Task statement: Please retype the listing below exactly, from its opening line through the line where "ヴィンテージ バレンタインデー カード" appears.
════════════════
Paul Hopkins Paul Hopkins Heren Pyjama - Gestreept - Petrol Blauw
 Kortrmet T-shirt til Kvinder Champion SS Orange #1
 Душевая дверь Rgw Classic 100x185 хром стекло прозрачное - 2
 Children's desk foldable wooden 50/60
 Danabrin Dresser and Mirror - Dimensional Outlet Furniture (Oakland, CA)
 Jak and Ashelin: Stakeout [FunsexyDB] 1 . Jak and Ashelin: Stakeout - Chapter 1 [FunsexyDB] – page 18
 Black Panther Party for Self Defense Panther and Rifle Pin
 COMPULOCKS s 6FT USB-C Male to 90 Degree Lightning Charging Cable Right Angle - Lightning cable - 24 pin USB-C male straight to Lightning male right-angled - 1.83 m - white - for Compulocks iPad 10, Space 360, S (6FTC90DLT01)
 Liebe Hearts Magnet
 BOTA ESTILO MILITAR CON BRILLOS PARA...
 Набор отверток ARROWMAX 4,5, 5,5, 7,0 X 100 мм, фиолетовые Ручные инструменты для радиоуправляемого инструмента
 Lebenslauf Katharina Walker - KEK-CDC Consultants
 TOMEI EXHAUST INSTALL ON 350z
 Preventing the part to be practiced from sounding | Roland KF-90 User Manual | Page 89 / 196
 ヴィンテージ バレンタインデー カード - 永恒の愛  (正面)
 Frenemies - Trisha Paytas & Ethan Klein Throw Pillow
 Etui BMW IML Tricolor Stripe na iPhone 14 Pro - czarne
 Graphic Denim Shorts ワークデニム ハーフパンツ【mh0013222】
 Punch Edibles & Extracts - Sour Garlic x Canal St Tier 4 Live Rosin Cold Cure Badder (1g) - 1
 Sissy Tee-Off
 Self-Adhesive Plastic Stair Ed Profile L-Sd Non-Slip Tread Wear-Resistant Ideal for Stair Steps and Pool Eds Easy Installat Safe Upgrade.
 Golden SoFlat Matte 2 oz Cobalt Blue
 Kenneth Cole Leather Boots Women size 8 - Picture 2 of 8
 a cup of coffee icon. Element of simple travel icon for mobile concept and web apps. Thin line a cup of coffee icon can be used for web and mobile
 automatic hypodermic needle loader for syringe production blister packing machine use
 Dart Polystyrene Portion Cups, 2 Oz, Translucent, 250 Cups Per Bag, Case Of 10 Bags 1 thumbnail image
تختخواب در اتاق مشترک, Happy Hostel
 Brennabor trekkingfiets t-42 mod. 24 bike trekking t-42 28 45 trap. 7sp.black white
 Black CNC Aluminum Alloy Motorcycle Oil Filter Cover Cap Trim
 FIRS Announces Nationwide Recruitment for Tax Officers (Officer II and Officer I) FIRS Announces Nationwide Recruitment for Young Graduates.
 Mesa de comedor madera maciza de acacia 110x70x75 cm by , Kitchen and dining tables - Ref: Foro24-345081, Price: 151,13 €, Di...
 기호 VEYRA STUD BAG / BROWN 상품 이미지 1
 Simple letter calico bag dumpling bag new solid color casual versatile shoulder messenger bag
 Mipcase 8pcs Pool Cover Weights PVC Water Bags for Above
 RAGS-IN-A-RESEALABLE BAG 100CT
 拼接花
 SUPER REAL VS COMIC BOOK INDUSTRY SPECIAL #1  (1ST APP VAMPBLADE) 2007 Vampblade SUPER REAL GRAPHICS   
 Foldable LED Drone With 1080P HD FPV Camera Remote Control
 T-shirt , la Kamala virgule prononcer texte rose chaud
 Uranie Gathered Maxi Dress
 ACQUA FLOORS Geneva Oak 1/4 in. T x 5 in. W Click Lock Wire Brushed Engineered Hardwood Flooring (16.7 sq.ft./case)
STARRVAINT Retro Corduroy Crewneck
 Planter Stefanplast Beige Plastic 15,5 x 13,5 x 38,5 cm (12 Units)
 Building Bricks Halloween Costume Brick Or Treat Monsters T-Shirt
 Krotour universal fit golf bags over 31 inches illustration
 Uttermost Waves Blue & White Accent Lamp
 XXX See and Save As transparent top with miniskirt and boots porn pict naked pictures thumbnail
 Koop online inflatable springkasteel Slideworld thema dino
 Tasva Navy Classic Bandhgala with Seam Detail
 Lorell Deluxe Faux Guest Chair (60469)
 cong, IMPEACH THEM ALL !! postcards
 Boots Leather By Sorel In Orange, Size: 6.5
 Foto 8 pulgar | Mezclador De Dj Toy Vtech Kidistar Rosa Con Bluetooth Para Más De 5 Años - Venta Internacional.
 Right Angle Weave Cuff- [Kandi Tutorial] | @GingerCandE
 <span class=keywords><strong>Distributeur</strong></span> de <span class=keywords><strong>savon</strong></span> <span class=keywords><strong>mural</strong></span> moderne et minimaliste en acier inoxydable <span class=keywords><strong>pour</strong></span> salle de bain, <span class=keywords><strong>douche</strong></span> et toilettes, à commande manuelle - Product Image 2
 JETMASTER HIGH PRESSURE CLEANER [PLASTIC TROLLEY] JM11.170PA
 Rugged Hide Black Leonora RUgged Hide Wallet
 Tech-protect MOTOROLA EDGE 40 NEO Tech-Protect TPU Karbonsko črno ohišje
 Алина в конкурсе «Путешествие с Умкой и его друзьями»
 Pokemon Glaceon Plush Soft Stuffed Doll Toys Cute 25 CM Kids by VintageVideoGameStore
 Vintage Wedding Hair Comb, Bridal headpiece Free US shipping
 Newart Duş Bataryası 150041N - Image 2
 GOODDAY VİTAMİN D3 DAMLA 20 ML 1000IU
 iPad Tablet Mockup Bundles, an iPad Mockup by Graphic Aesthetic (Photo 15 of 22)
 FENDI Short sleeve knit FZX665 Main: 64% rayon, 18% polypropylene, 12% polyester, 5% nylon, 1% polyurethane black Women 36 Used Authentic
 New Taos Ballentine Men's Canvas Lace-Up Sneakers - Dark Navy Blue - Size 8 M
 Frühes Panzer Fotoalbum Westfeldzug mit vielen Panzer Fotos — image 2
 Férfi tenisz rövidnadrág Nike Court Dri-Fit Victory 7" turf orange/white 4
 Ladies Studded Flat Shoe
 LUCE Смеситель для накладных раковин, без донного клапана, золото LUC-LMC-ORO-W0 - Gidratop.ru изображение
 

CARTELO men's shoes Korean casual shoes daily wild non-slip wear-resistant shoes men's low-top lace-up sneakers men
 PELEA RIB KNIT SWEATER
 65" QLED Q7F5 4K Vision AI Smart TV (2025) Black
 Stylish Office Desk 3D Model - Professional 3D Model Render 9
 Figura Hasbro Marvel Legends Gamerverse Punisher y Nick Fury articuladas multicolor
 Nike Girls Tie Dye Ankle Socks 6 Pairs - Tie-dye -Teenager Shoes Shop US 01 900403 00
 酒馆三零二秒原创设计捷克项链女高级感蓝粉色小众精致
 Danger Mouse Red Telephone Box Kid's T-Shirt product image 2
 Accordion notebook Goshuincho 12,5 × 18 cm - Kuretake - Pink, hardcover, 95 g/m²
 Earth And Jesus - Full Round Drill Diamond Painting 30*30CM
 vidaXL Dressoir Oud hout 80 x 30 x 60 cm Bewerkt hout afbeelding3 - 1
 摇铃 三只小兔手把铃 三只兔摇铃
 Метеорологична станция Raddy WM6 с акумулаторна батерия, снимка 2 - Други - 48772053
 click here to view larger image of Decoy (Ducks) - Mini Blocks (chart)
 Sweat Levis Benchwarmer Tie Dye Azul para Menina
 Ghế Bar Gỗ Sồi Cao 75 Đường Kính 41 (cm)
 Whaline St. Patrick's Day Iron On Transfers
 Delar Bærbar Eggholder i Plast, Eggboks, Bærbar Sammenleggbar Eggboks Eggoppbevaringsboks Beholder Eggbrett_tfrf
════════════════
Solution to this problem:
Paul Hopkins Paul Hopkins Heren Pyjama - Gestreept - Petrol Blauw
 Kortrmet T-shirt til Kvinder Champion SS Orange #1
 Душевая дверь Rgw Classic 100x185 хром стекло прозрачное - 2
 Children's desk foldable wooden 50/60
 Danabrin Dresser and Mirror - Dimensional Outlet Furniture (Oakland, CA)
 Jak and Ashelin: Stakeout [FunsexyDB] 1 . Jak and Ashelin: Stakeout - Chapter 1 [FunsexyDB] – page 18
 Black Panther Party for Self Defense Panther and Rifle Pin
 COMPULOCKS s 6FT USB-C Male to 90 Degree Lightning Charging Cable Right Angle - Lightning cable - 24 pin USB-C male straight to Lightning male right-angled - 1.83 m - white - for Compulocks iPad 10, Space 360, S (6FTC90DLT01)
 Liebe Hearts Magnet
 BOTA ESTILO MILITAR CON BRILLOS PARA...
 Набор отверток ARROWMAX 4,5, 5,5, 7,0 X 100 мм, фиолетовые Ручные инструменты для радиоуправляемого инструмента
 Lebenslauf Katharina Walker - KEK-CDC Consultants
 TOMEI EXHAUST INSTALL ON 350z
 Preventing the part to be practiced from sounding | Roland KF-90 User Manual | Page 89 / 196
 ヴィンテージ バレンタインデー カード - 永恒の愛  (正面)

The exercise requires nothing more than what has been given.